Protecting oceans now a regional quest
As more research shows the worlds’ oceans are deteriorating, the West Coast is taking a united stand for ocean health.
The governors of California, Oregon and Washington pledged to better protect and manage the ocean and coastal resources when they signed the West Coast Governors’ Agreement on Ocean Health in 2006.
The agreement’s long-term action plan, released in July, calls for the three states to coordinate efforts and share information on several fronts, from clean beaches to research and public education.
“It’s a great step,” said Tony Haymet, director of the Scripps Institution of Oceanography. “It capitalizes on things done before and takes them to another level.”
Historically, coastal issues were addressed individually. But there are no state boundaries when it comes to pollution and invasive species. From Washington to Baja California, the entire West Coast is linked by the California Current.
A regional approach is believed a much smarter and effective way to manage the ocean and coastal resources.
Government agencies representing each state developed the action plan with public input received at workshops and letters.
“The challenge was coming up with something real and tangible,” said Brian Baird, assistant secretary of ocean and coast policy for the California Resource Agency. “We didn’t want to have an agreement with very fuzzy kinds of goals and overtures. We wanted to have specific, hard-hitting actions in this plan.”
The plan identifies seven priority areas with 26 actions, such as:
- combating pollution with incentive programs for low-impact development;
- establishing a baseline estimate of marine debris and set goals for removal;
- enhancing state and federal collaboration for oil spill prevention, preparedness and response;
- developing a regional marine research plan.
The plan also calls for conducting a West Coast-wide assessment of anticipated impacts of climate change and planning how to adapt to those changes.
The states lack the resources to fully implement the action plan, and plan to lobby Congress to establish a national ocean trust fund.
This is a formidable challenge small coastal cities know all too well.

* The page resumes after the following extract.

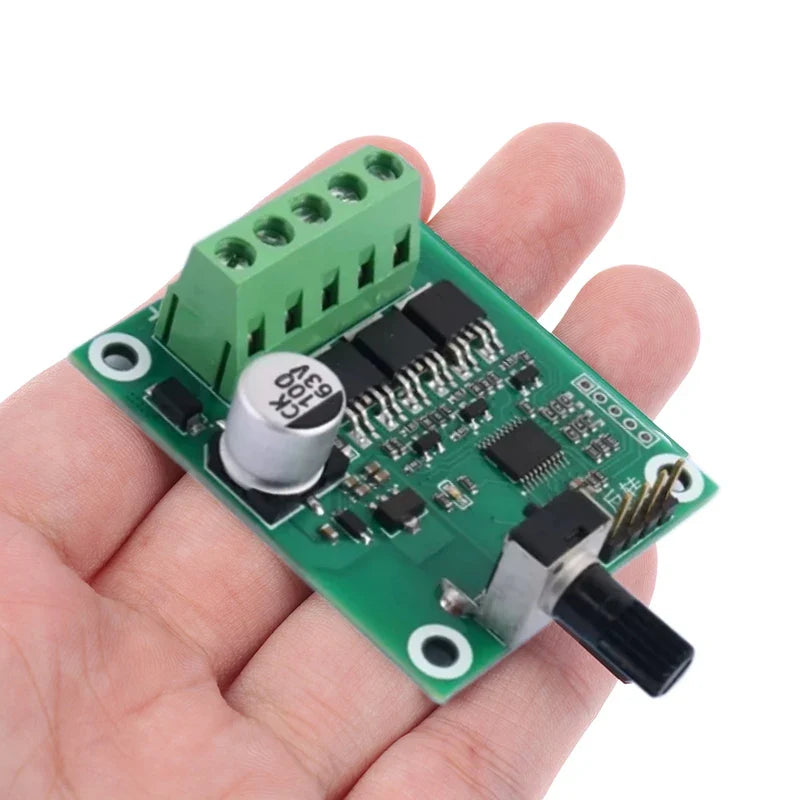 DC Brushless Motor Control Board 6V 12V 24V Speed Governor DIY
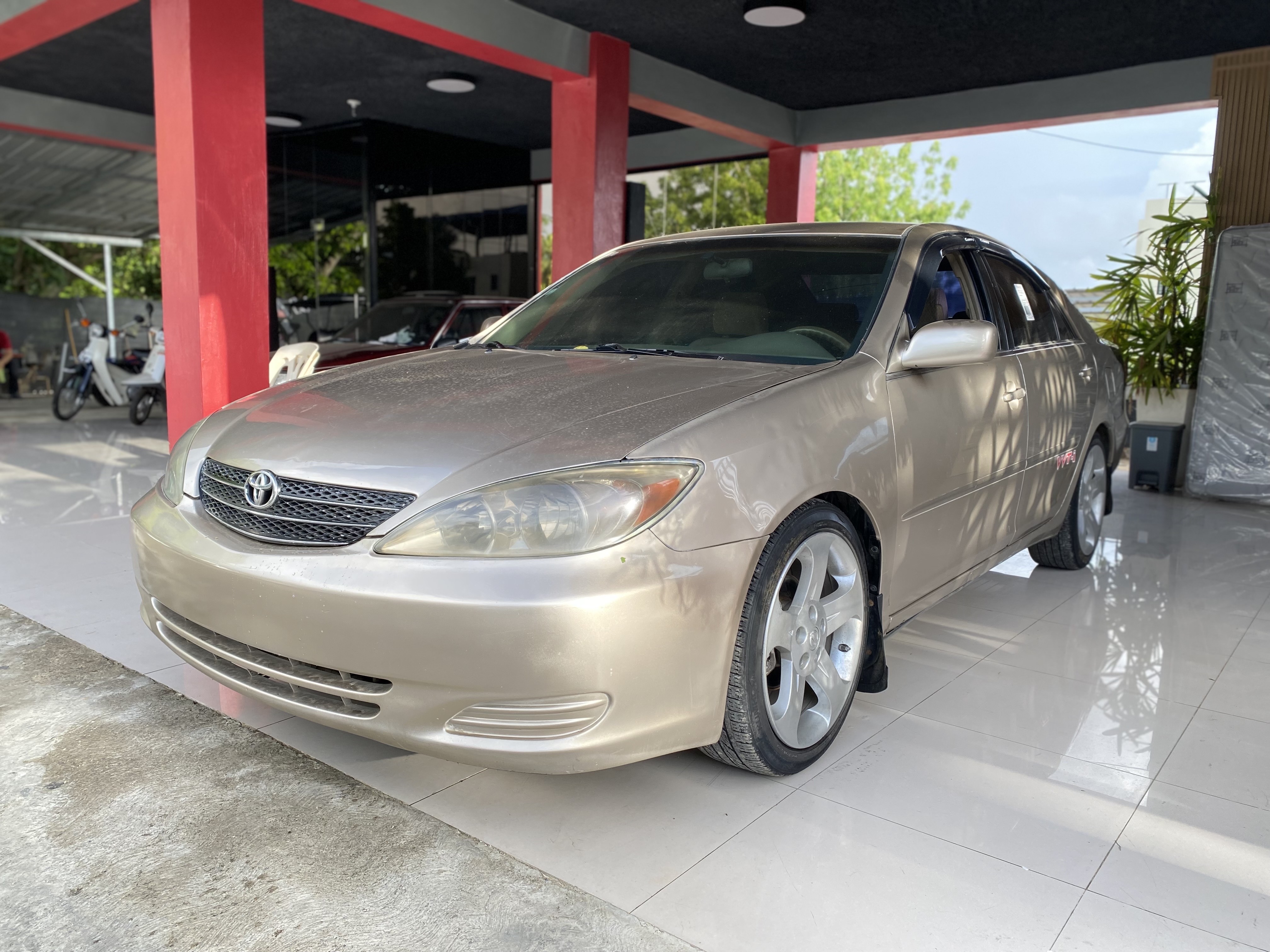 carros - TOYOTA CAMRY 2002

Cities struggle to meet clean storm water mandates without any funding from the federal or state governments.
“A lot of responsibility is passed to local agencies without resources of the state,” said David Ott, city manager of Solana Beach. “It could be very beneficial, all three states working together on coastal issues.”
How effective the plan is remains to be seen. Timelines are set for each proposed action, and annual progress reports are promised.
“There is such interest on part of the environmental community and industry, they are going to keep our feet to the fire,” Baird said.
Some improvements have been observed already, Baird said. Communication between the states on ocean issues dramatically increased with the agreement, said Baird, who now speaks with the Oregon and Washington governors’ offices once a week.
Haymet said he is optimistic. Political will is critical for achieving policy changes and having three governors advocate for ocean health is encouraging.
“I don’t know of a better time when the ocean had so many friends at various levels of political life,” Haymet said.